A fraction greater than 1/8 and less than 1/4 is in simplest form and denominator is 4 more than its numerator...what is the fraction?

SoOoO CoNfUsInG

wow

1/4 is greater

meh

To find a fraction that satisfies the given conditions, we'll follow these steps:

1. Start by considering the denominator of the fraction. It is given that the denominator is 4 more than the numerator.

2. Let's assume that the numerator is represented by the variable "x." So, the denominator would be "x + 4."

3. The fraction is greater than 1/8 and less than 1/4. This means that it should fall between these two values on the number line.

4. To compare fractions with different denominators, we need to find a common denominator. In this case, the common denominator is 8.

5. Check the value of 1/8 and 1/4 when they have a denominator of 8.

- 1/8 with a denominator of 8 is equivalent to 1/8 × 8/8 = 8/64.
- 1/4 with a denominator of 8 is equivalent to 1/4 × 2/2 = 2/8.

6. Since the desired fraction should be greater than 1/8 and less than 1/4, it should have a value greater than 8/64 and less than 2/8.

7. Convert 8/64 and 2/8 back to fractions with the denominator x + 4.

- 8/64 is equivalent to (8/64) × (x + 4)/(x + 4).
- 2/8 is equivalent to (2/8) × (x + 4)/(x + 4).

8. Simplify both fractions:

- (8/64) × (x + 4)/(x + 4) = (8x + 32)/(64x + 256).
- (2/8) × (x + 4)/(x + 4) = (2x + 8)/(8x + 32).

9. It is given that the desired fraction should be between these two values. Thus, the desired fraction satisfies the inequality:

(8x + 32)/(64x + 256) < desired fraction < (2x + 8)/(8x + 32).
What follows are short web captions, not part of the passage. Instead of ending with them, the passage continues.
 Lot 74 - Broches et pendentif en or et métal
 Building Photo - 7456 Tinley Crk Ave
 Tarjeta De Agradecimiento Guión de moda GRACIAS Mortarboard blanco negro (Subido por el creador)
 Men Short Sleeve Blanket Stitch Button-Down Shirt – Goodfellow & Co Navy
Now, we need to solve this inequality to find the range of values for "x."

10. Cross-multiply the inequality:

(64x + 256) × desired fraction > (8x + 32) × desired fraction > (2x + 8) × desired fraction.

11. Simplify:

64x + 256 > desired fraction × (8x + 32) > (2x + 8) × desired fraction.
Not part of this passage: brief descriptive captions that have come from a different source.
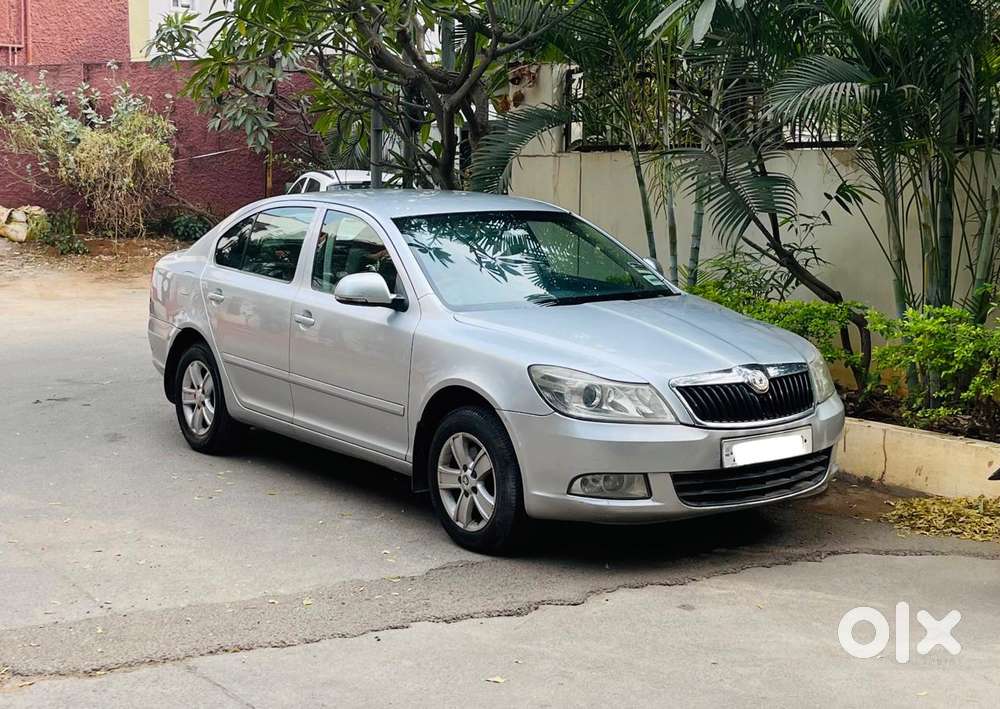 Skoda Laura Ambiente 2.0 Tdi Cr Automatic, 2010, Diesel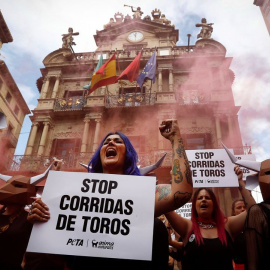 Protesta de animalistas en Sanfermines. VILLAR LÓPEZ / EFE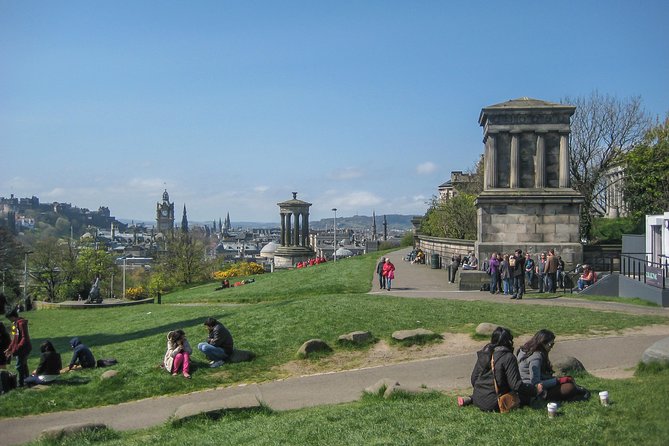 Private Edinburgh Tour for Families with a Local, 100% Personalized - Stories make the old city easier for children
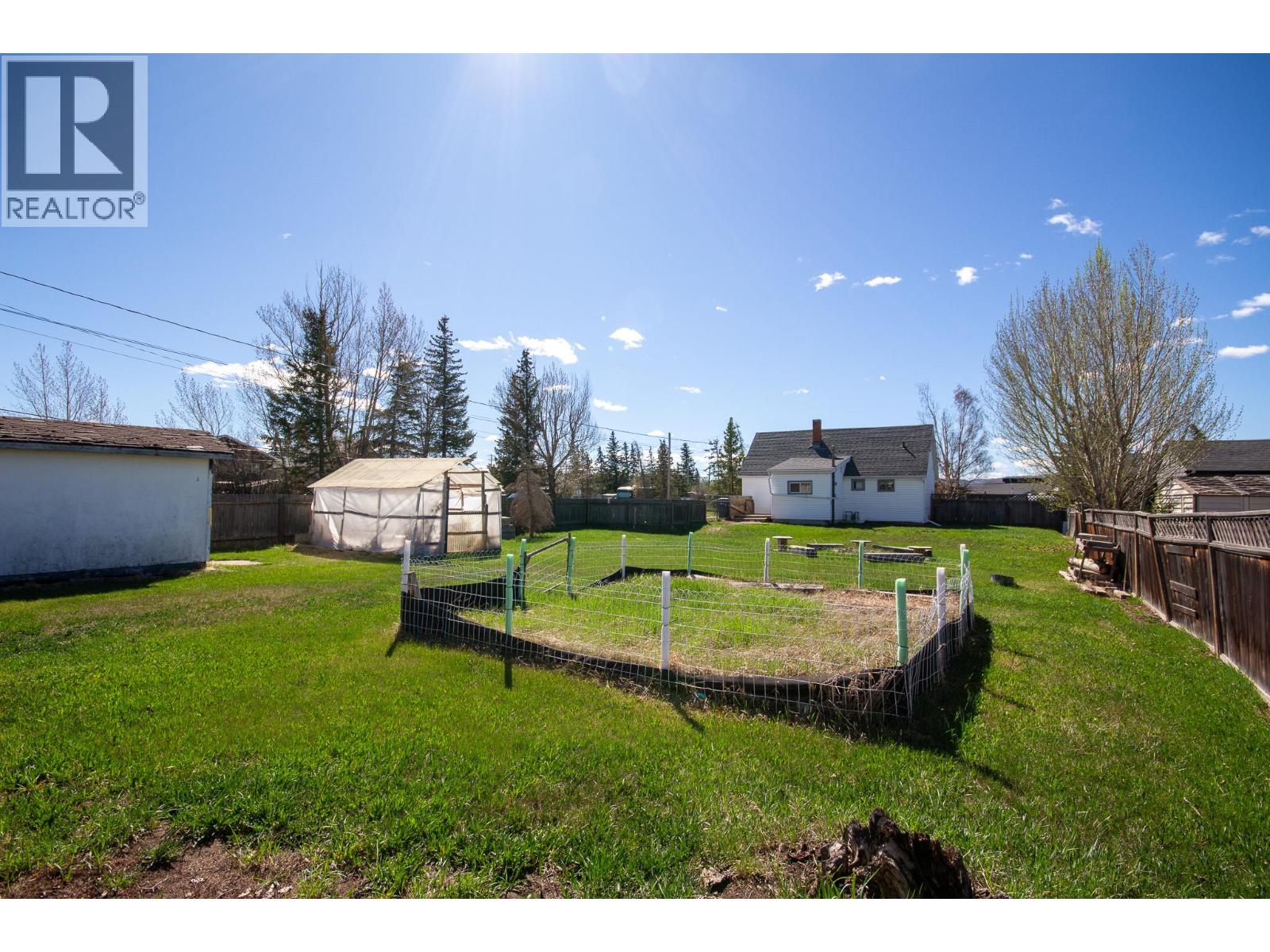 1600 101 Avenue, Dawson Creek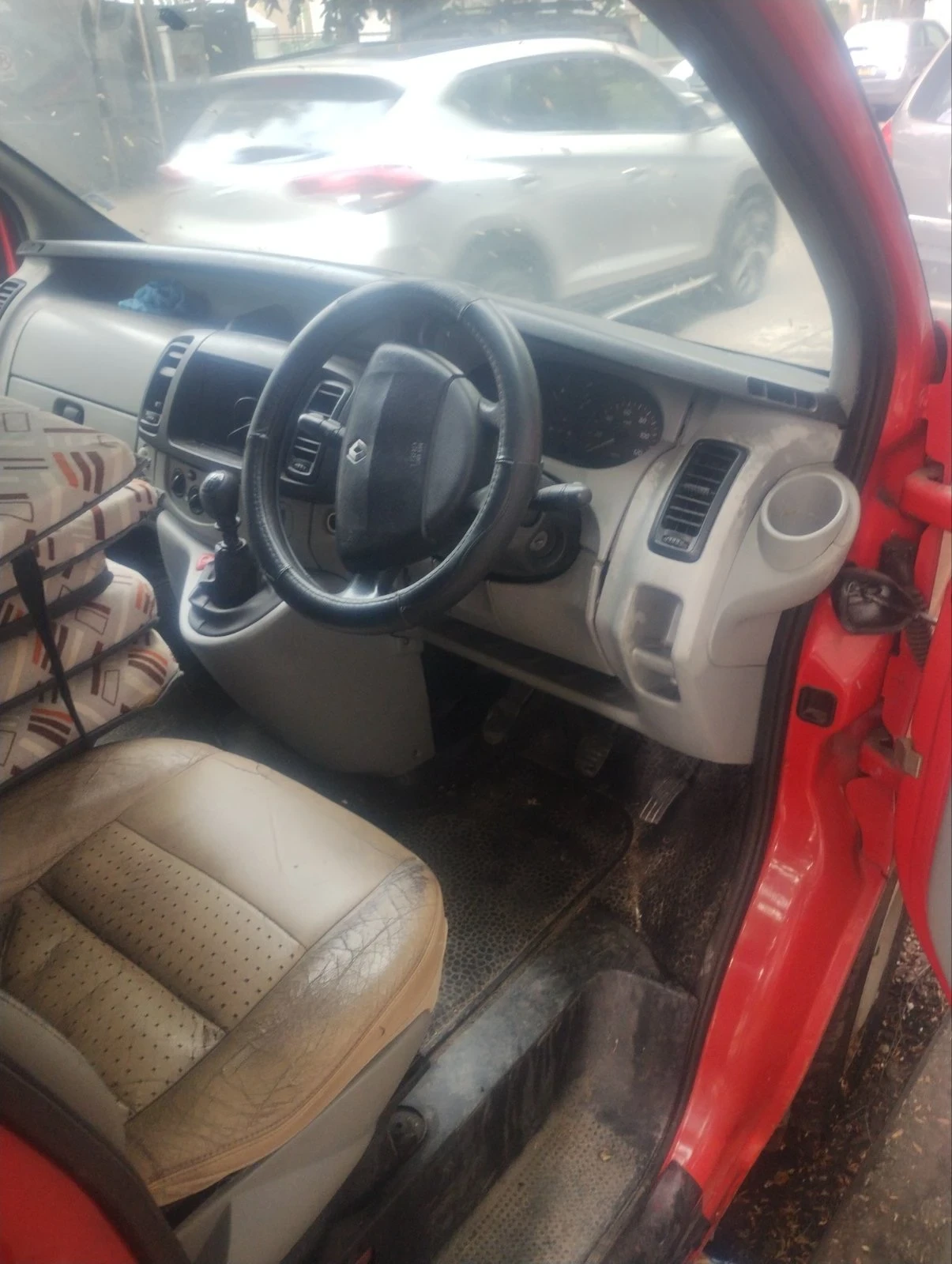 Renault Trafic, снимка 3 - Бусове и автобуси - 54572964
12. Since we don't know the exact value of the desired fraction, we cannot simplify the inequality further. However, this gives us a range of values for "x."

By solving this inequality, you will find the possible values of "x" that satisfy the given conditions. Once you have the values, you can substitute them back in the expression "x/(x + 4)" to find the corresponding fractions.
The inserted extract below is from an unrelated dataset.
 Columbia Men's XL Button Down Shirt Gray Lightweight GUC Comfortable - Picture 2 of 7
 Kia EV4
sooo cONFUSING WOW MY MIND IS wow

yup

first, write inequality equations using the given statements/description:

let x = numerator
let x+4 = denominator
1/8 < x/(x+4) *fraction is greater than 1/8
x + 4 < 8x
7x > 4
x > 4/7

x/(x+4) < 1/4 *fraction is less than 1/4
4x < x + 4
3x < 4
x < 4/3

now, x is between 4/7 and 4/3 ,, we then find value of x which is a whole number (since numerator and denominator of a fraction are integers or whole numbers),, values between these two are:
4/6 , 4/5, 4/4
therefore the only whole number here in simplest form is 4/4 = 1 = x
the fraction is thus 1/5

so there,, :)

jai that was too complicated you do 1/8 which is nothing and get 1/4 and /4 and you do the math 4 goes into 4 1 time times 1 = 1 which the answer is one whole there ya go!